Consider the numerical routine:
$$\frac{1}{\Delta t^2} (U_i^{n+1} -2U_i^{n} + U_i^{n-1}) - \frac{a^2}{\Delta x^2} (U_{i+1}^{n} -2U_i^{n} + U_{i-1}^{n})$$
which solves the $1$-dimensional wave equation $$u_{tt} - a^2 u_{xx} = 0$$ where a $\in \mathbb{R}$ and $U_i^n$ is the numerical approximation of $u(j\Delta x,n\Delta t)$.
So my book mentions multiple times that this numerical scheme is second-order accurate. It kind of passingly mentions this with really saying how I would go about actually showing it, nor can I find any example of how to do so. The only thing it says is that
a truncation error analysis reveals second-order accuracy.
I tried looking this up and again I'm having a difficult time seeing what exactly it is I need to do. I think I need to perform a Taylor expansion but I don't know around which variables this needs to happen or where to evaluate it. I would appreciate it if someone could show how this is second order accurate or provide some references of where I would learn how to do so. It's something that keeps popping up.

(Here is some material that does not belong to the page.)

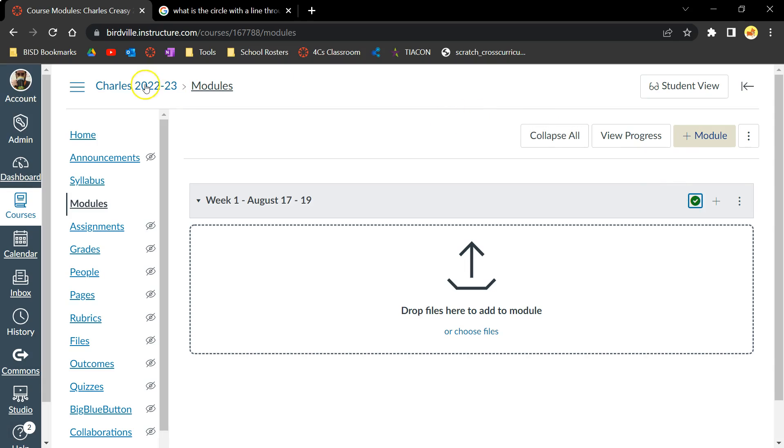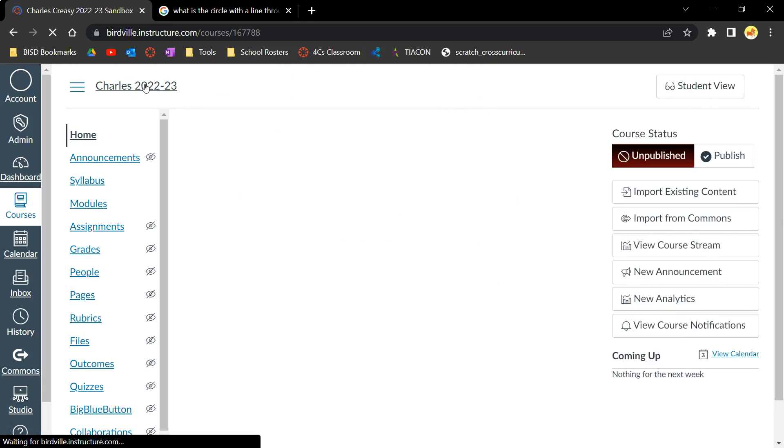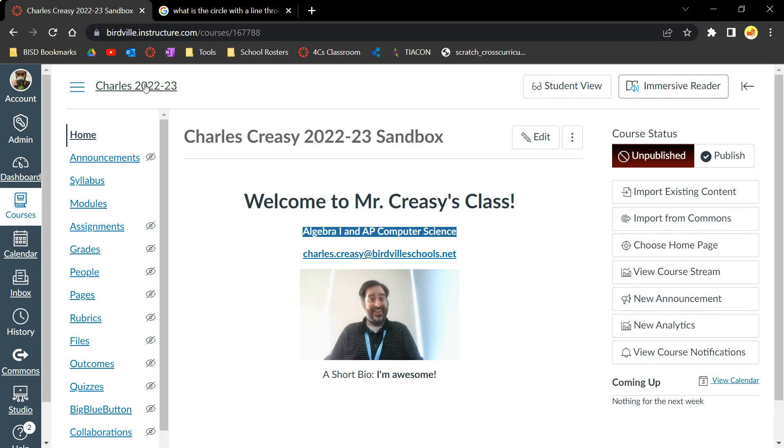If we go back to the course homepage, we can now see that the Modules page is visible for students as well. This is because there is now content available for students to view there.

Consider the spatial derivative (dropping the time index for convenience). Using the 4th order Taylor expansion we have
$$U_{i+1} = U_i + U_{x,i} \Delta x + \frac{1}{2}U_{xx,i}\Delta x^2 + \frac{1}{6}U_{xxx,i}\Delta x^3 + O(\Delta x^4), \\ U_{i-1} = U_i - U_{x,i} \Delta x + \frac{1}{2}U_{xx,i}\Delta x^2 - \frac{1}{6}U_{xxx,i}\Delta x^3 + O(\Delta x^4). $$
Adding the two equations, we get
$$U_{i+1} + U_{i-1} =2U_i + U_{xx,i}\Delta x^2 + O(\Delta x^4).$$
Rearrranging,
$$\frac{U_{i+1} -2U_i + U_{i-1}}{\Delta x^2} = U_{xx,i} + O(\Delta x^2).$$
This shows the truncation error associated with the central difference approximation of the second partial derivative is of second order. A similar result is obtained for the second partial derivative with respect to the time variable.